(Scraped caption text data)

########

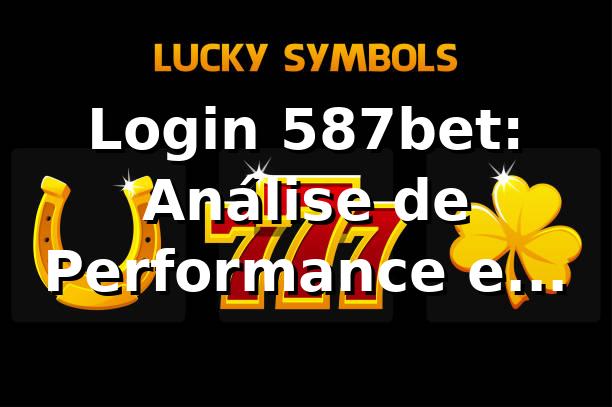 Login 587bet: Análise de Performance e Segurança 📊 [2026]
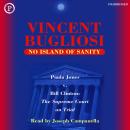 No Island of Sanity: Paula Jones v. Bill Clinton - The Supreme Court on Trial Audiobook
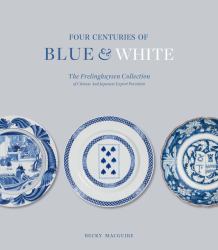 Four Centuries of Blue and White : The Frelinghuysen Collection of Chinese and Japanese Export Porcelain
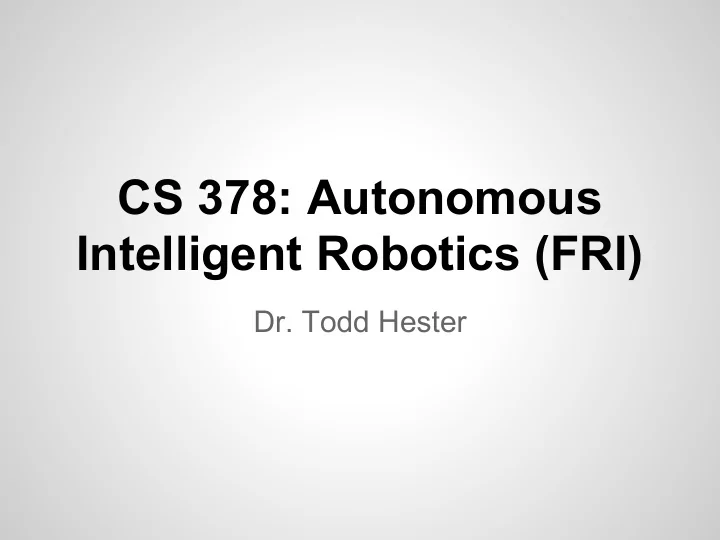 cs 378 autonomous intelligent robotics fri
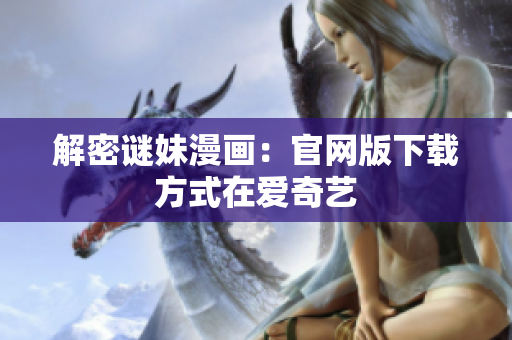 解密谜妹漫画：官网版下载方式在爱奇艺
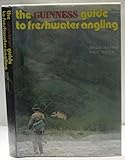The Guinness guide to freshwater angling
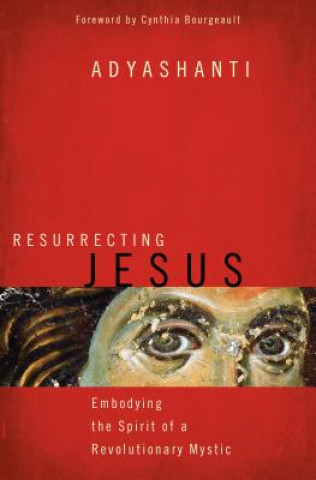 Книга Resurrecting Jesus Adyashanti
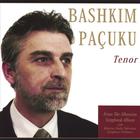 BASHKIM PAÇUKU, Tenor - From The Albanian Songbook Album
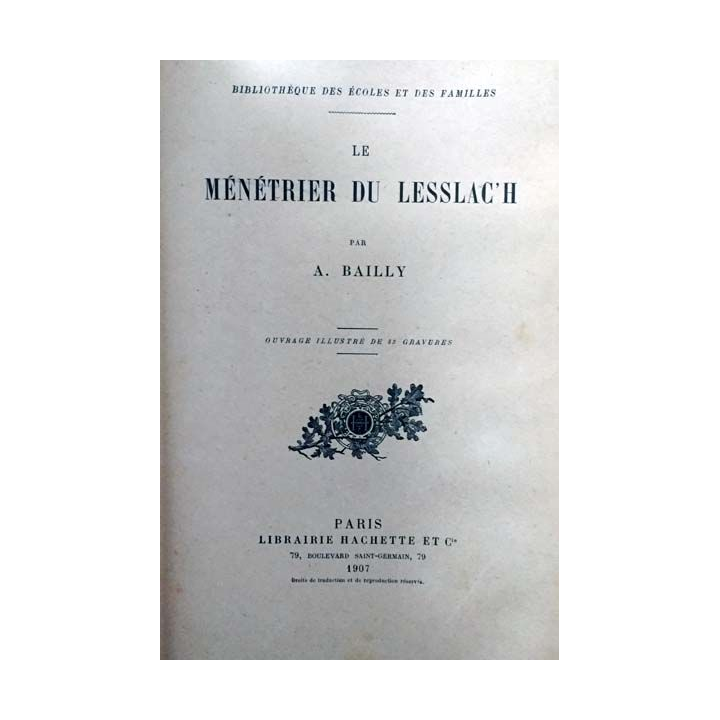 1. Le ménétrier du Lesslac'h par A. Bailly aux éditions Librairie Hachette et Cie 1907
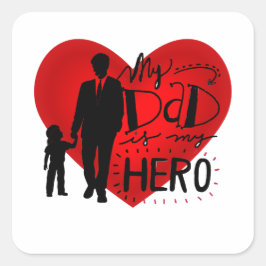 Mein Vater ist mein Held: Geschenktagen 2024 Quadratischer Aufkleber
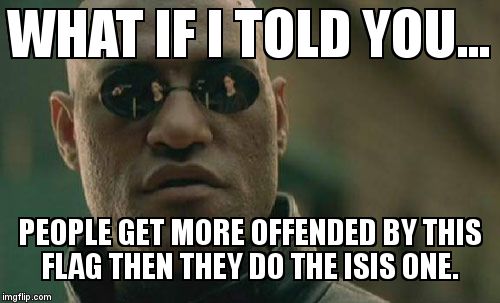 Matrix Morpheus Meme | WHAT IF I TOLD YOU... PEOPLE GET MORE OFFENDED BY THIS FLAG THEN THEY DO THE ISIS ONE. | image tagged in memes,matrix morpheus | made w/ Imgflip meme maker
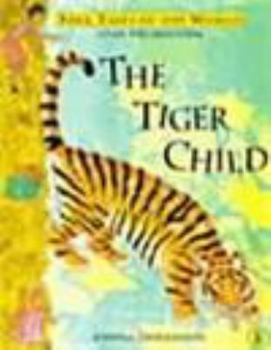 Paperback The Tiger Child Book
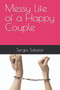 Messy Life of a Happy Couple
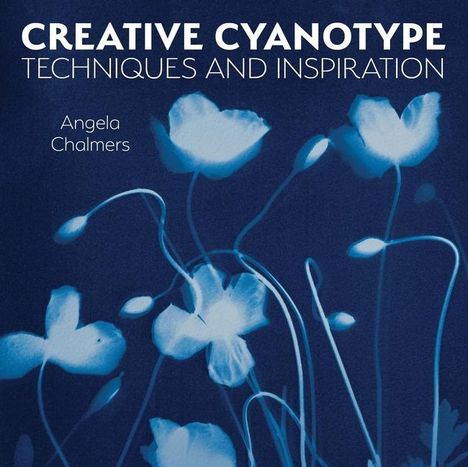 Angela Chalmers: Creative Cyanotype, Buch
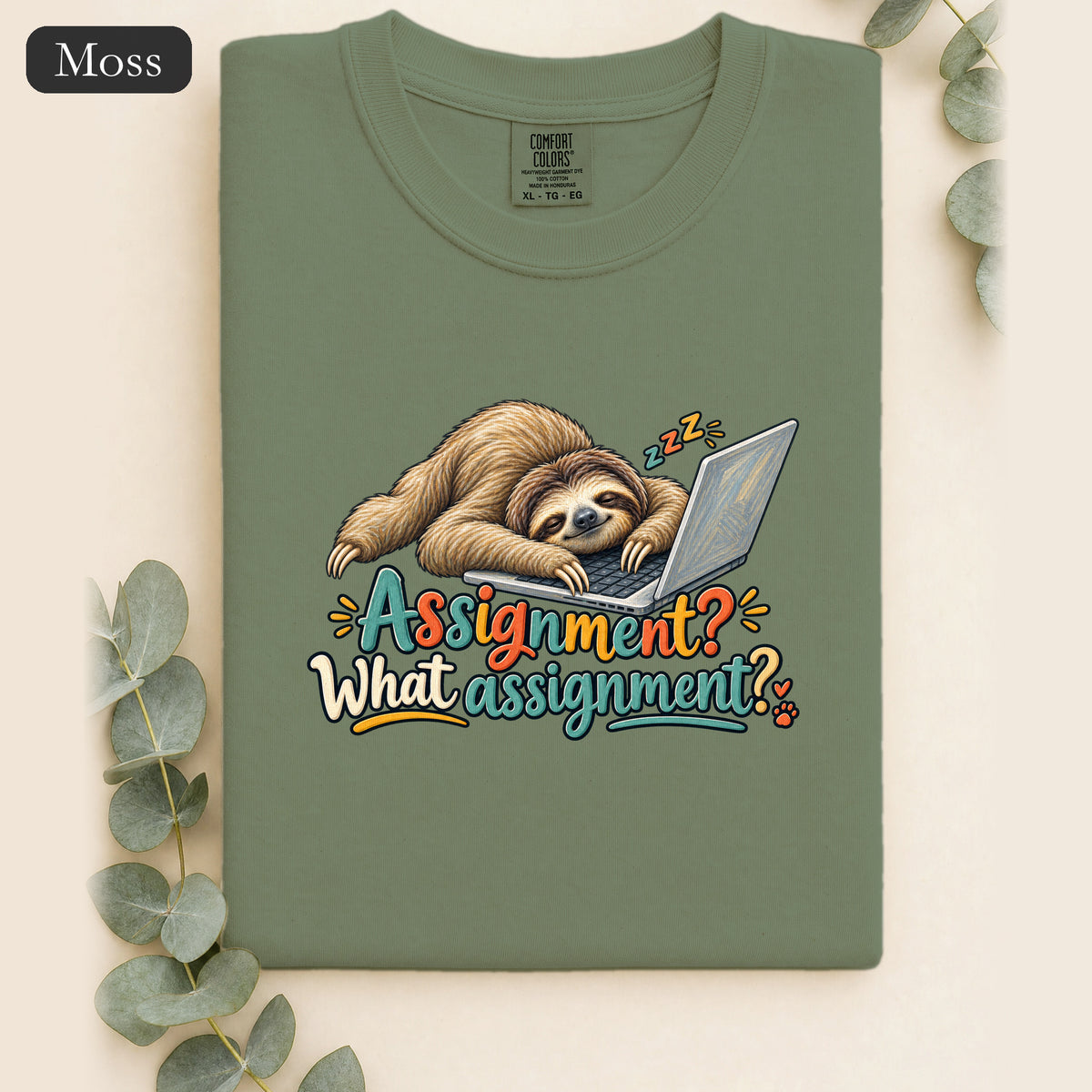 Sloth With Laptop Shirt, Assignment? What assignment? Funny Tee, Lazy Work From Home Gift, Painterly Sloth Shirt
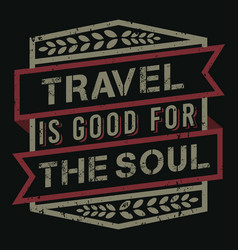 Travel Is Good For The Soul Typography Quote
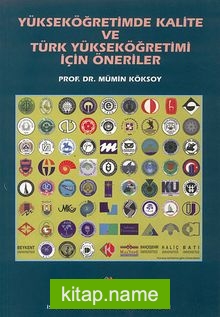 Yükseköğretimde Kalite ve Türk Yükseköğretimi İçin Öneriler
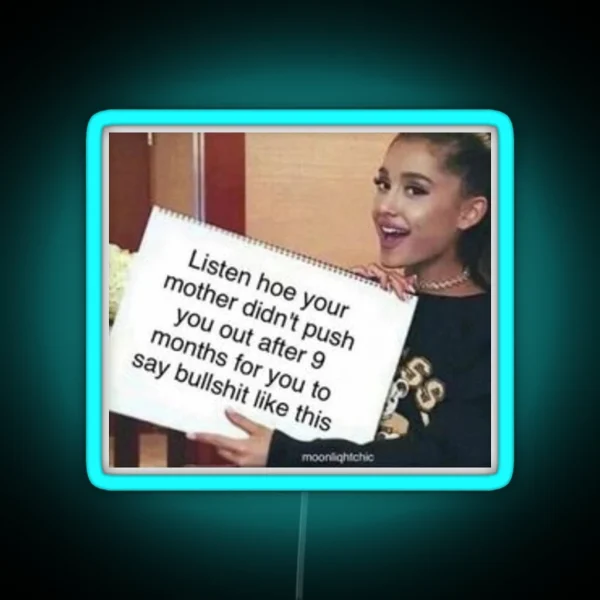 Ariana Grande Meme RGB Neon Sign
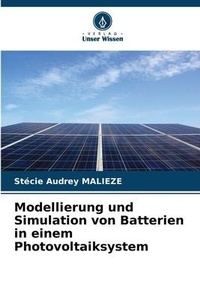 Abbildung von: Modellierung und Simulation von Batterien in einem Photovoltaiksystem - Verlag Unser Wissen
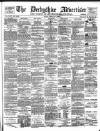 Derbyshire Advertiser and Journal Friday 06 February 1880 Page 1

########

Description of the task | Please print the records above once more, word for word, omitting all pictures.

Worked solution |
 Login 587bet: Análise de Performance e Segurança 📊 [2026]
 No Island of Sanity: Paula Jones v. Bill Clinton - The Supreme Court on Trial Audiobook
 Four Centuries of Blue and White : The Frelinghuysen Collection of Chinese and Japanese Export Porcelain
 cs 378 autonomous intelligent robotics fri
 解密谜妹漫画：官网版下载方式在爱奇艺
The Guinness guide to freshwater angling
 Книга Resurrecting Jesus Adyashanti
 BASHKIM PAÇUKU, Tenor - From The Albanian Songbook Album
 1. Le ménétrier du Lesslac'h par A. Bailly aux éditions Librairie Hachette et Cie 1907
 Mein Vater ist mein Held: Geschenktagen 2024 Quadratischer Aufkleber
 Matrix Morpheus Meme | WHAT IF I TOLD YOU... PEOPLE GET MORE OFFENDED BY THIS FLAG THEN THEY DO THE ISIS ONE. | image tagged in memes,matrix morpheus | made w/ Imgflip meme maker
 Paperback The Tiger Child Book
 Messy Life of a Happy Couple
 Angela Chalmers: Creative Cyanotype, Buch
 Sloth With Laptop Shirt, Assignment? What assignment? Funny Tee, Lazy Work From Home Gift, Painterly Sloth Shirt
 Travel Is Good For The Soul Typography Quote
 Yükseköğretimde Kalite ve Türk Yükseköğretimi İçin Öneriler
 Ariana Grande Meme RGB Neon Sign
 Abbildung von: Modellierung und Simulation von Batterien in einem Photovoltaiksystem - Verlag Unser Wissen
 Derbyshire Advertiser and Journal Friday 06 February 1880 Page 1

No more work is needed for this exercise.